Consequently, the All-Share Index shed 0.2% w/w to close at 47,202.30 points. Accordingly, the MTD and YTD returns moderated to +1.2% and +10.5%, respectively.
Trading in the top three equities namely Access Bank Plc, Guaranty Trust Holding Company Plc, and Fidelity Bank Plc, (measured by volume) accounted for 316.758 million shares worth N4.353 billion in 3,476 deals, contributing 23.80% and 19.18% to the total equity turnover volume and value respectively.
Activity levels were mixed as volume traded declined by 25.4% w/w while value traded rose by 15.4% w/w. Performance across sectors was broadly positive, as the Banking (+2.3%), Insurance (+1.5%), Consumer Goods (+1.3%), Oil and Gas (+0.3%), and Industrial Goods (+0.1%) indices all closed in green.
The Financial Services Industry (measured by volume) led the activity chart with 886.121 million shares valued at N10.058 billion traded in 11.563 deals; thus contributing 66.60% and 44.31% to the total equity turnover volume and value respectively. The Consumer Goods Industry followed with 107.592 million shares worth N4.472 billion in 3,833 deals. The third place was The Conglomerates Industry, with a turnover of 102.192 million shares worth N198.077 million in 1,008 deals.
Analysts at Cordros Research say they expect investors to take advantage of the moderation in the share prices to make a re-entry in dividend-paying stocks ahead of subsequent 2021FY earnings releases. However, they believe investors will remain reluctant to leave gains in the market.
‘’As such, we expect intermittent profit-taking to continue due to uncertainties about the direction of yields in the FI market.
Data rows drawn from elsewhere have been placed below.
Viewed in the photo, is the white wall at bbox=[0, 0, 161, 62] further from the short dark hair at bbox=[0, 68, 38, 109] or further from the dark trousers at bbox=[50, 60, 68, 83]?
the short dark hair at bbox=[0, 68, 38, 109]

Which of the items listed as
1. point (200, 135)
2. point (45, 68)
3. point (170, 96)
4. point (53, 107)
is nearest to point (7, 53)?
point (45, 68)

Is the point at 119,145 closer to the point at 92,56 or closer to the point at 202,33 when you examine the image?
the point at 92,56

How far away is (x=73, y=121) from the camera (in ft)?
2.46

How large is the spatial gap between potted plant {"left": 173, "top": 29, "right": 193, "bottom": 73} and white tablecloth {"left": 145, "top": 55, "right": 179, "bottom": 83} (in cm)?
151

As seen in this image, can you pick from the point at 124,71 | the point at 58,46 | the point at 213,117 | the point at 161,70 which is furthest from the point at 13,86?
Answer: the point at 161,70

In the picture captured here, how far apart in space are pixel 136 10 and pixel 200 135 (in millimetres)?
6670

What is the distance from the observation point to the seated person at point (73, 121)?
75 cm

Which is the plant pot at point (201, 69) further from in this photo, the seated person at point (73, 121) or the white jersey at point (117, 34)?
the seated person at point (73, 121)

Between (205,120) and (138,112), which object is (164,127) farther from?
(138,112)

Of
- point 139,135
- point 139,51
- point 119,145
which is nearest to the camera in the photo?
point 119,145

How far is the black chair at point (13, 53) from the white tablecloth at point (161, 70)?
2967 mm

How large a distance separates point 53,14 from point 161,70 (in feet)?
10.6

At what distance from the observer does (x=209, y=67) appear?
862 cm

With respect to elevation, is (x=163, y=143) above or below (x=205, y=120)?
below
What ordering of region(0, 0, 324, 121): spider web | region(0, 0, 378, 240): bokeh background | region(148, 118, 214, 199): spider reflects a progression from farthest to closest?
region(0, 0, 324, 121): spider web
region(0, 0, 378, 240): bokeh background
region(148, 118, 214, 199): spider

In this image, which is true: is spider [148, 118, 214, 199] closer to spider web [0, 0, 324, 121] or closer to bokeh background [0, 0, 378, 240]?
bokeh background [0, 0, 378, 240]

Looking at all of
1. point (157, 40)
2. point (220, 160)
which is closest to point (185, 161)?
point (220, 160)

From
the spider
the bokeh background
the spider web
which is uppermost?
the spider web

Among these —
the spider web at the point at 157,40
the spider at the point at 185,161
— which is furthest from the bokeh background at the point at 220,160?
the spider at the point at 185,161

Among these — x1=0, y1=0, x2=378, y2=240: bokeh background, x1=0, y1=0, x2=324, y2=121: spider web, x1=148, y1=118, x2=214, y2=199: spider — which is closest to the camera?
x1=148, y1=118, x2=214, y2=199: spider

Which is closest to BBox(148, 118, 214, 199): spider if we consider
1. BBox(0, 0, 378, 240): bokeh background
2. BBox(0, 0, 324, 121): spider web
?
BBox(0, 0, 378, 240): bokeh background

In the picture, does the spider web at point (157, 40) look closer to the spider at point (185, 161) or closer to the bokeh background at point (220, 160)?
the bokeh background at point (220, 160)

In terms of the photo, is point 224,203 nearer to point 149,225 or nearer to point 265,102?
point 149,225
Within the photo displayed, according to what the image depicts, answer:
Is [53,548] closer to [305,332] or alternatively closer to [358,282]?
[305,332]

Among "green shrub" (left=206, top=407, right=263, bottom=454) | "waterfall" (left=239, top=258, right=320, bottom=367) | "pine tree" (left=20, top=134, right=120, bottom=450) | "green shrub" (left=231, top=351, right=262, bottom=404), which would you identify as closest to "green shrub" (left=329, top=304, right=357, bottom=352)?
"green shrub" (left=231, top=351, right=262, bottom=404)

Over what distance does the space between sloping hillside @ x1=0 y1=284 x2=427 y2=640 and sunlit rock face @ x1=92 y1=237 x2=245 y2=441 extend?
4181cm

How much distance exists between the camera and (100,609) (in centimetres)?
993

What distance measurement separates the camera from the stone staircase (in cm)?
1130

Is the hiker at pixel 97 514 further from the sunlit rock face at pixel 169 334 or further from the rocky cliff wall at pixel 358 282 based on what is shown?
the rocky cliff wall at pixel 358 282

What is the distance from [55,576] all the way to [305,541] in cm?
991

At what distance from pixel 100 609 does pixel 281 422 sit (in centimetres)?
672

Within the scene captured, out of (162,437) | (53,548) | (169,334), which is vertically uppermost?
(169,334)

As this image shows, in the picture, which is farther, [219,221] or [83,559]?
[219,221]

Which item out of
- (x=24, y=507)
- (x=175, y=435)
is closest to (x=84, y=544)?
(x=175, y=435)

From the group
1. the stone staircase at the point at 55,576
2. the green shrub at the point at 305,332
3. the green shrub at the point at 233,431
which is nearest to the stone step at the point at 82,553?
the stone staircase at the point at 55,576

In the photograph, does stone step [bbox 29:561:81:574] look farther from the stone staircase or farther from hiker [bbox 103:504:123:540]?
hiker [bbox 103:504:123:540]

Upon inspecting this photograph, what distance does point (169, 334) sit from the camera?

Notwithstanding, we advise investors to take positions in only fundamentally justified stocks as the unimpressive macro story remains a significant headwind for corporate earnings.’’
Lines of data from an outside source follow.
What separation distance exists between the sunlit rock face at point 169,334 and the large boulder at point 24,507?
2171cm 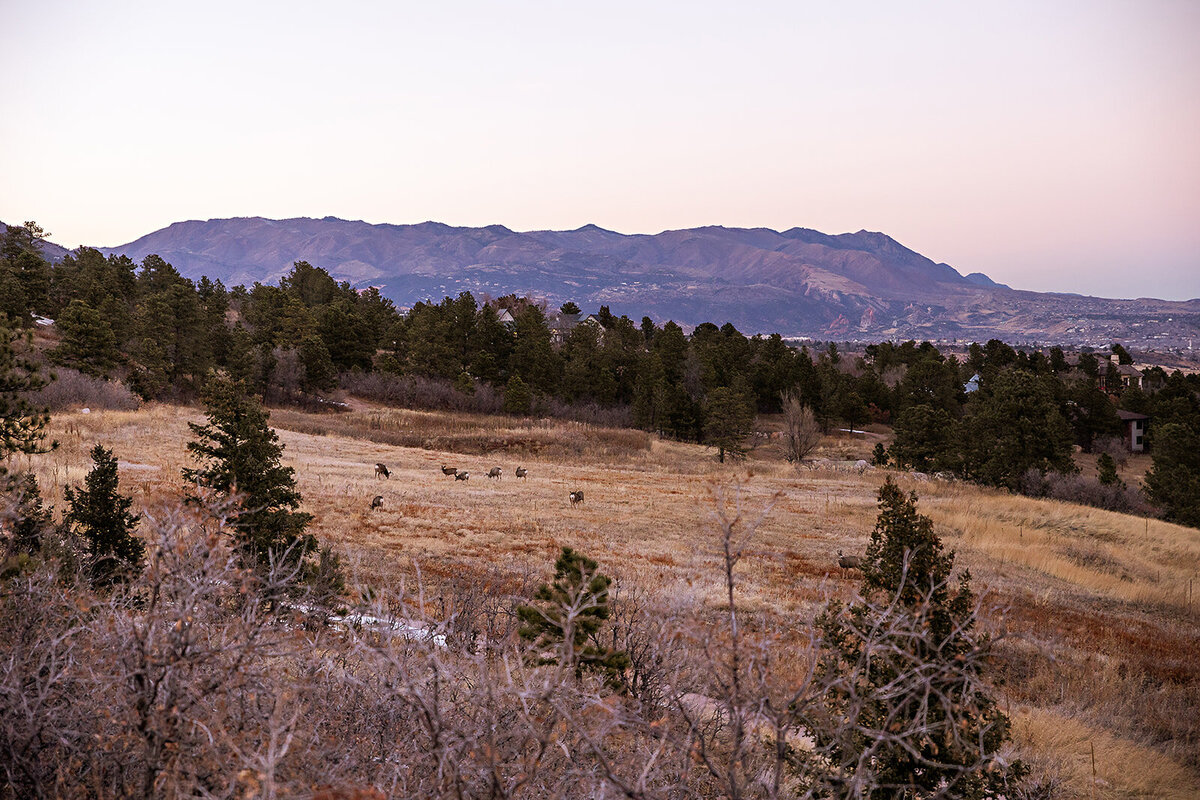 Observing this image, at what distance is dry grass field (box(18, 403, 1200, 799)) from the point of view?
8.12 m

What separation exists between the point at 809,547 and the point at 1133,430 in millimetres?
69765

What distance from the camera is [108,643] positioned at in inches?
146

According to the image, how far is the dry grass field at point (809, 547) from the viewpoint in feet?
26.6

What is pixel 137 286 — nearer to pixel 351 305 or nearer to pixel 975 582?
pixel 351 305

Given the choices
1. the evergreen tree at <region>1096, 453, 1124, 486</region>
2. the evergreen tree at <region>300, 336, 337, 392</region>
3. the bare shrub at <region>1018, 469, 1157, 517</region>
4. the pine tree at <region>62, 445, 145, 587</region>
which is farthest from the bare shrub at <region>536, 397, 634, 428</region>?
the pine tree at <region>62, 445, 145, 587</region>

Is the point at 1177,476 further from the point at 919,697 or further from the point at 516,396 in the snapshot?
the point at 919,697

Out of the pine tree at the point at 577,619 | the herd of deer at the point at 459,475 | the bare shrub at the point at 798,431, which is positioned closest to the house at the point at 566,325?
the bare shrub at the point at 798,431

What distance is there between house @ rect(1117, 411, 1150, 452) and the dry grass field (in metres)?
50.2

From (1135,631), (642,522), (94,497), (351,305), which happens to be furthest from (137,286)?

Meanwhile, global stocks posted broadly positive performances bolstered by solid earnings releases. However, global equities pared gains later in the week following hotter-than-expected US inflation data, which reignited fears of a more hawkish Fed. Accordingly, US (DJIA: +0.4%; S&P 500: +0.1%) stocks were set for a weekly gain following robust earnings from tech stocks.
European markets (STOXX Europe: +2.2%; and FTSE 100: +2.1%) were buoyed by the rebound in tourism stocks amid easing geopolitical tensions between Russia and Ukraine.
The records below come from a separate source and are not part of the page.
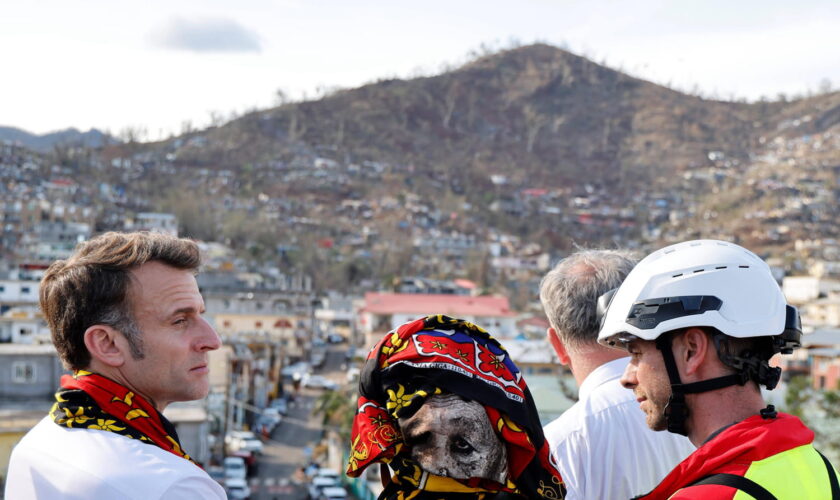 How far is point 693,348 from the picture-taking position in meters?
1.78

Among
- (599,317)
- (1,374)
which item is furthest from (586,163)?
(599,317)

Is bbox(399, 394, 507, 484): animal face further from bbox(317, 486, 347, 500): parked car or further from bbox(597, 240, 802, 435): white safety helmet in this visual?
bbox(317, 486, 347, 500): parked car

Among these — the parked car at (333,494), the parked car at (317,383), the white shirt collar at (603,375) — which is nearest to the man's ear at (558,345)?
the white shirt collar at (603,375)

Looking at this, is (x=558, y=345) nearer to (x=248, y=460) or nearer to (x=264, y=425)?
(x=248, y=460)

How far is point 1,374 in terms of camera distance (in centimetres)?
1555

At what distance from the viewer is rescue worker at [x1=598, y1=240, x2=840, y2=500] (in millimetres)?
1674

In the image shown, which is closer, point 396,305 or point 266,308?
point 396,305

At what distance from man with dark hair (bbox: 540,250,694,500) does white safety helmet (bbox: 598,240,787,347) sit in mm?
647

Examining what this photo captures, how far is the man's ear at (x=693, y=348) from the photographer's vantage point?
1.76 meters

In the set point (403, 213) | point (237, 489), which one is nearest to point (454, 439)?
point (237, 489)

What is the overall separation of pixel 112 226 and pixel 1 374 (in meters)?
50.2

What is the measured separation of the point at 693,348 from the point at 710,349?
3 cm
In Asia, the Japanese Nikkei 225: (+0.9%) was on course to end the week in the green on the back of the positive sentiments on Wall Street. Likewise, the SSE: (+3.0%) closed higher as gains in Chinese property developers and Alibaba Group Holding buoyed sentiments.
Emerging markets (MSCI EM: +2.5%) and Frontier (MSCI FM: +1.0%) market stocks mirrored the bullish trend across global stocks consequent upon gains in China (+3.0%) and Kuwait (+0.6%), respectively.